In our age, intellectual activity tends to look at only the phenomenon and place it alongside another phenomenon, so that one phenomenon explains the other. But this cannot be done with the life force. With the life force, if you want to do anything at all, you always have to push something into the phenomenon from the intellectual activity. You have to, as it were, insinuate something into the phenomenon. And therein lies the cause of the gradual disquieting doubt that arose in the use of the idea of the life force. This doubt was the reason why the idea was finally abandoned and why a certain ideal arose in the widest circles, namely to regard living beings as a confluence, a combination of those forces that also prevail in inorganic nature.

In other words, the idea of the life force has actually become a kind of changeling. It was decided to look for the constitutive element in the sciences only in the phenomenon. The life force did not emerge as a phenomenon. One had to construct the vital force from the intellect, which was actually not permissible in this age of human development. That was the negative part of the development in which we find ourselves today. For in neovitalism nothing vivid occurs. What neovitalism puts in the place of an explanation of life phenomena that combines only the inorganic is nothing more than a kind of rehashing of old vitalism. And one could say that in the outer workings of scientific life there is clearly a kind of reflection of what is actually going on in the inner life of the spirit. Today I can only point to this reflection in a few isolated phenomena. But anyone who can look at the phenomena that are close together in such a way that they shed light on each other will also see the truth of what I am talking about. Until recently, until the middle of the 19th century, what was retained from an older way of looking at things, what the concepts and ideas held back from it, still figured quite unattractively as philosophy. And I tried to at least hint at what was going on with this philosophy in my first lecture in this series. But in the second half of the 19th century, there were already some strange phenomena in the field of philosophical life.

We can see how a very conscientious thinker, who was just not able to think the problems he raised through to their conclusion – I have mentioned him here in recent days – how Franz Brentano called for the scientific method in philosophy. He was given nothing but the scientific method as it was customary in the present. In a sense, this provided the guiding principle for all those who no longer wanted to reflect on a particular intellectual method, but who submitted to the general authority of popular scientific thinking. But then there were other phenomena.
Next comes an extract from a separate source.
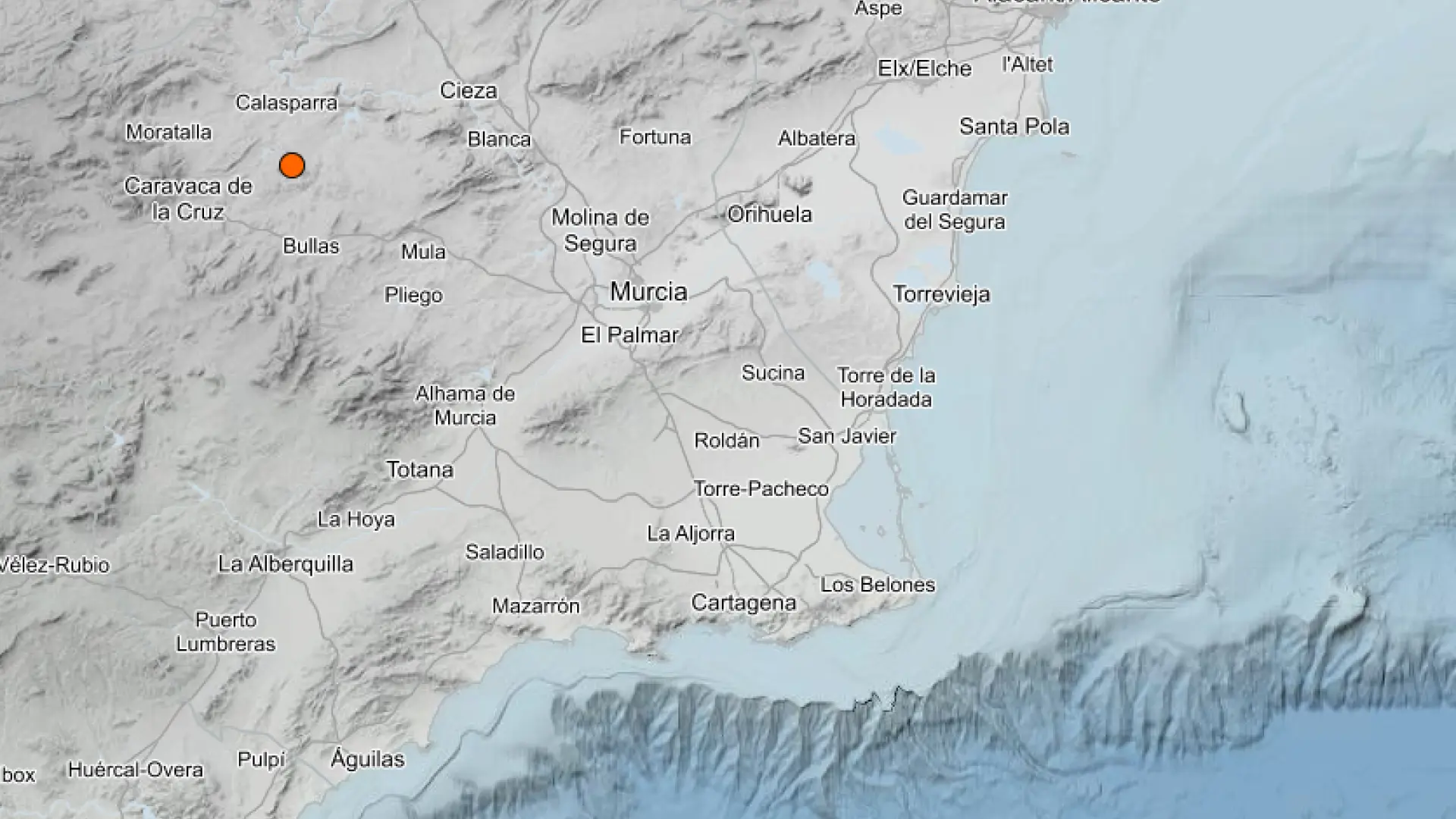 Terremoto en Murcia: un sismo de 3,5 grados al sur de Calasparra se siente en siete municipios de la Región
At some faculties, where, let us say, old Herbartians were working, it came about that they left their chairs, and there were then faculties which did not appoint philosophers in the old sense to these vacant chairs of philosophy, but people who thought scientifically. This was the case, for example, in Vienna, where Mach, the naturalist, had to take up the chair of philosophy that had become vacant. This was still somewhat uncomfortable, and so they called the subject he had to represent “inductive philosophy,” and so they gave him the chair of inductive philosophy, but placed next to it a man — I hold this man in very high regard, but I am now characterizing cultural phenomena objectively, and so personal opinion plays no role here — who had previously been a professor of Christian philosophy at the theological faculty of the new university. This was a way of documenting that what should be in philosophy was not taken from some new way of research, but from the old tradition. And what took place there, I would say, in a certain striking way, is taking place again and again. Apart from the fact that people who think entirely in terms of natural science are brought to the psychological chairs and introduce an entirely scientific way of thinking into an area previously regarded as philosophical, we also see otherwise how people who think scientifically today function quite officially as the bearers of philosophy. In such phenomena, what I have to suggest here is also expressed externally: with what has emerged in recent times as the combining mind, which in its purity can only be applied as Goethe wanted it to be applied, nothing can be made out about the phenomena of life.
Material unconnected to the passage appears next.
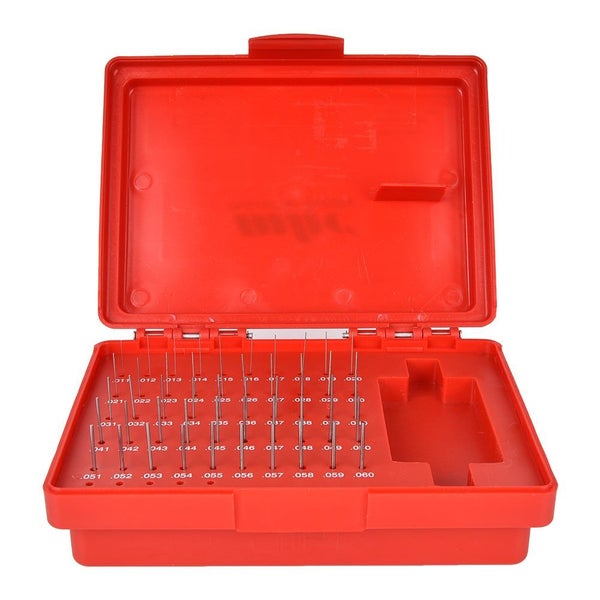 50Pcs M0- 0.011-0.060 inch Steel Plug Pin Gage Set 0.0002 inch Precision Carousel 1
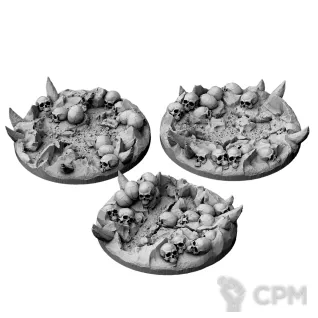 Описание картинки Chaos Skulls X3 Topper 40 мм от 3D Print Workshop по цене 297руб | Свободный Рынок Миниатюр - СРМ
Here again is the point where honesty and impartiality of scientific thinking must be strictly demanded. And the methods that research with the help of external observation, external experiment, with the help of this combining mind, they can, if they are really critical with themselves, if they, out of their considerations, if I may say so, gain a full awareness of their own scope, can do no other than say: we are applicable only to the field of inorganic natural science; there we belong, there we can magnify the method; but we must not, without changing the whole meaning of the method, also change the content of the method, ascend into the field of organic natural science. That must remain untouched by this method.
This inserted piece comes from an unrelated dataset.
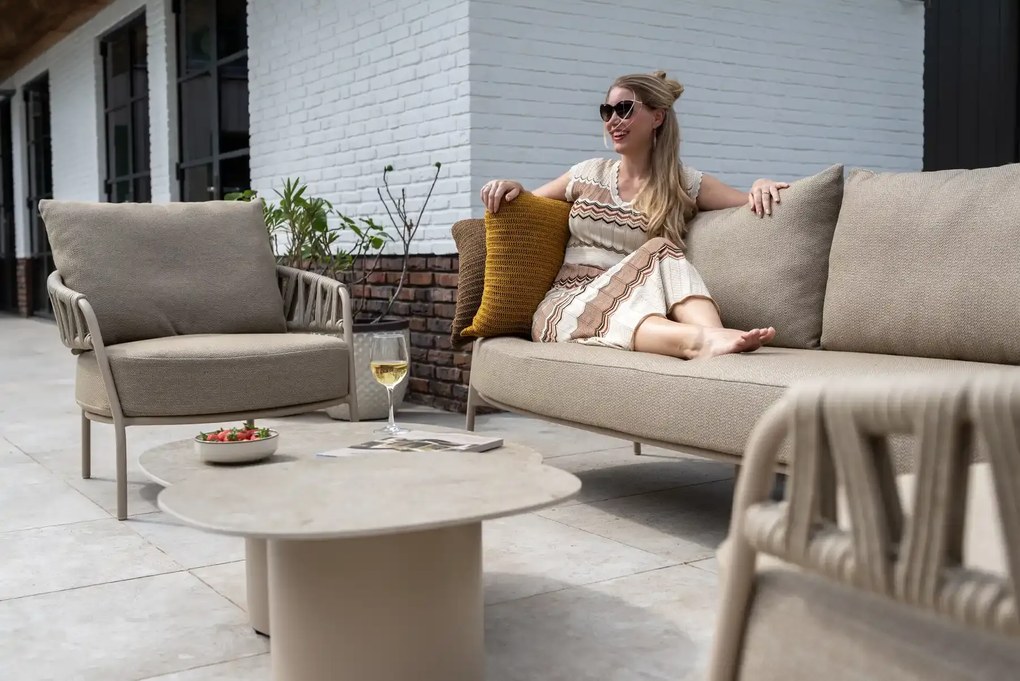Taste by 4 Seasons Calma sofa set latte Loungeset   taupe weerbestendig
Spiritual science must now speak from the other side. Spiritual science must say: There is also the possibility of a development of consciousness corresponding to the path taken by those forms of consciousness that had still blossomed before the 14th century. Just as these forms of consciousness have been developed into a purely objective consciousness that should not get stuck in phenomenality, so today, in order to take a scientific approach to the organic, it is necessary to develop inwardly through the soul to the other forms of consciousness: imaginative consciousness, inspired consciousness, intuitive consciousness.

For if the intellect is to come to terms with life phenomena, then, for the intellect, what takes place within the realm of life phenomena must become observation, must become phenomenon. It cannot do so within sensory observation. The intellect cannot become constitutive for a content of the organic natural sciences. The intellect must also behave combinatively there. But the intuition must be supplied to it. This intuition is supplied to it in imaginative cognition. In the training of imaginative cognition, as I have described it in my book “How to Know Higher Worlds”, apart from everything else that can be said about it, the possibility is gained of breaking with the old vitalism, which has provided a changeling of conceptuality, and of replacing it with the imaginative intuition of life.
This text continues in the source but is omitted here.